France affected by shortages of abortion pills, health actors warn

This is a problem that has been going on for weeks. On his Internal sitet, l‘Observatory of Transparency in Medicines Policies (OTMeds) is alarmed by a shortage in France of misoprostol, a molecule used for medical abortions. And not only elsewhere. In the columns of Releasethis Saturday, the president of Family Planning, Sarah Durocher, also evokes “difficulties in the supply of abortion pills such as mifepristone”.

Lack of reaction from the government?

It was the players in the field – associations fighting for the right to abortion, liberal doctors and midwives who sounded the alarm. But these were ignored by the authorities, believes the OTMeds which rraises the first alerts to March 5 and points to “the silence, the wait-and-see attitude and the amateurism” of François Braun, the current Minister of Health. “These alerts are worrying because they constitute an obstacle for people who want to have an abortion,” said Sarah Durocher, still in Liberation. French law provides that anyone who wishes to have an abortion can choose the method (depending on the deadlines), but today this is no longer the case. »
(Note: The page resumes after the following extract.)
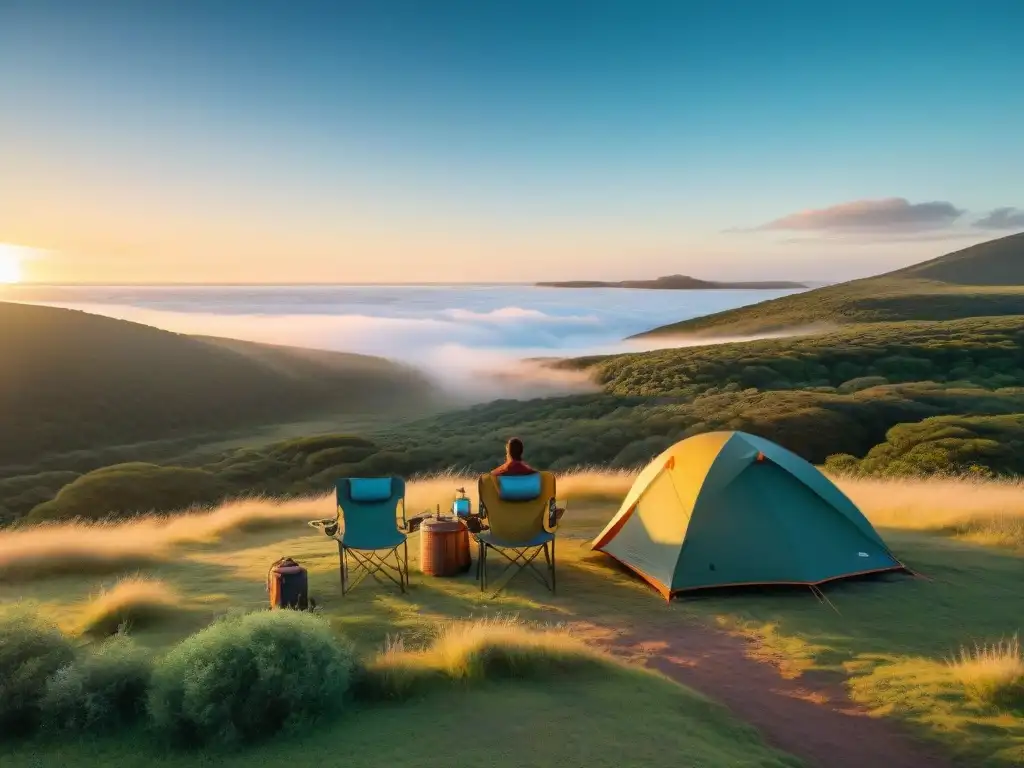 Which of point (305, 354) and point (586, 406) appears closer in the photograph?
point (586, 406)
In this case, the OTMeds also deplores the opacity in the management of this shortage by the French health authorities, to the point that it is difficult to measure the extent of the shortages of misoprostol, says Jérôme Martin, co-founder of the observatory. , still in Liberation. Thus in Lille, while it was difficult to find misoprostol-type abortion pills at the beginning of April, “the situation seems to have since [..] without anyone knowing how”, resumes Jérôme Martin. Are the pills coming through the normal circuit again? Has there been a rebalancing between regions? “.

In his press release, as in the interview given to Release, the OTMeds still gives a possible factor of shortage: misoprostol is a drug under patent. Its production is concentrated on a single site. “If there is an industrial concern, an impurity on one of the sites, few or no factories can take over. Production is therefore slowed down for weeks or even months. We often hear, with the explosion of shortages, that drugs are not expensive enough in France, explains Jérôme Martin daily, calling for this system to be changed.